The paper also touches on the environmental and economic costs of LLMs versus the lightweight Goat Computer. The computing power required to train and run a state-of-the-art LLM is orders of magnitude greater than running a 1999 game AI, yet the gap in genuine “understanding” remains unproven. This, de Wynter suggests, should give the industry pause before rushing toward ever-larger models based solely on the appearance of intelligence.

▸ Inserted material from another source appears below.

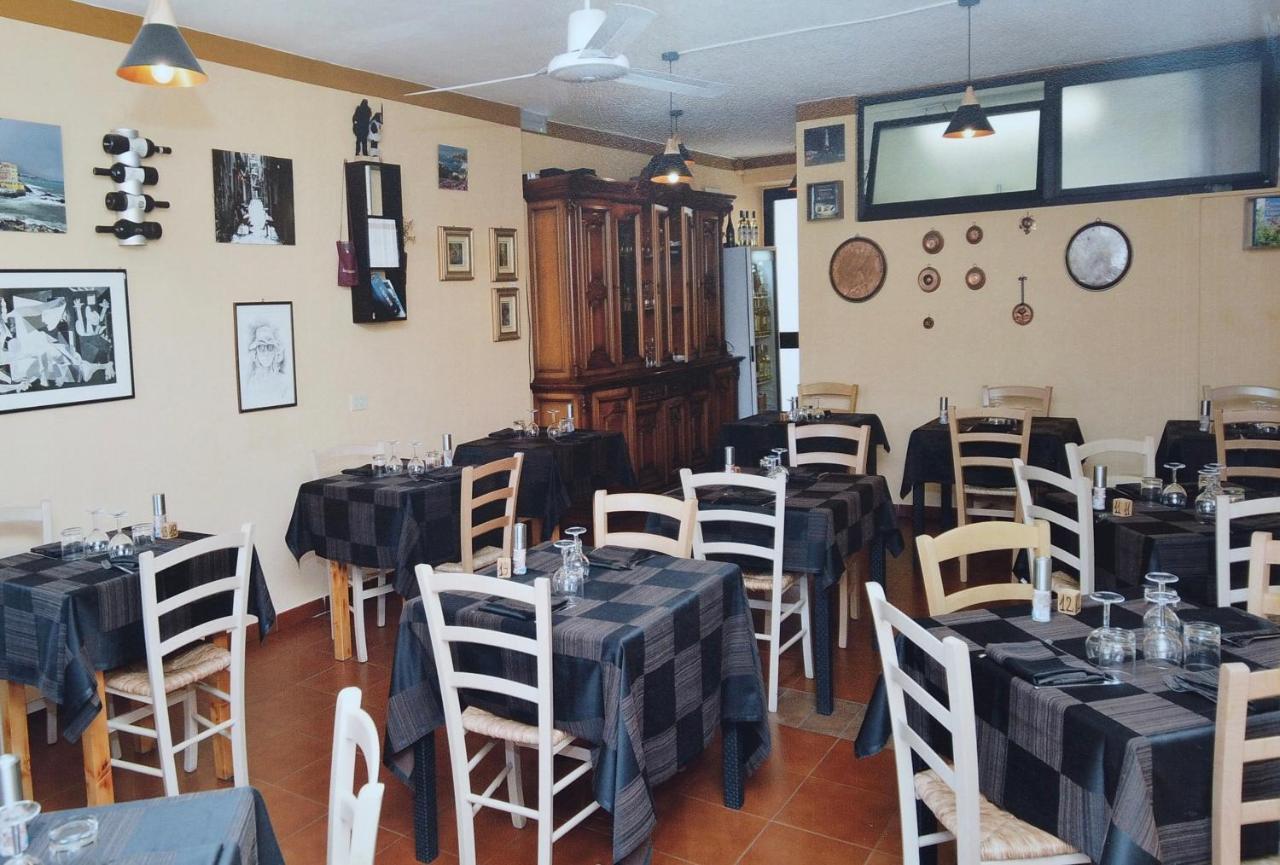 Locanda Dal Genovese Λα Μανταλένα Εξωτερικό φωτογραφία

The Bigger Picture: Understanding vs. Performance

At its core, de Wynter’s paper is not anti-AI. It is a call to arms for clearer language and more rigorous thinking. The Goat Computer is a mirror held up to the AI field, asking it to examine the assumptions embedded in everyday vocabulary. As Windows enthusiasts and gamers know well, impressive performance does not always indicate deep competence; a game can be beaten by an AI that has no idea what a “civilization” is.

Age of Empires II remains a testament to emergent gameplay within bounded rules, something that AI researchers still strive to achieve in virtual environments. Perhaps the most telling moment in the paper comes when de Wynter recounts watching the Goat Computer fail: a villager getting stuck on terrain while a wolf approaches, then abruptly correcting its path at the last second. To a human observer, it looks like a moment of fear and quick thinking. In reality, it is a pathfinding algorithm recalculating a route. “We are too willing,” de Wynter writes, “to mistake the act of watching a good performance for the presence of a performer.”

The paper ends not with a dismissal of LLMs but with a challenge: define what you mean by “human-like,” and then let the Goat Computer apply for membership. Until then, treat your language with the same care you treat your code.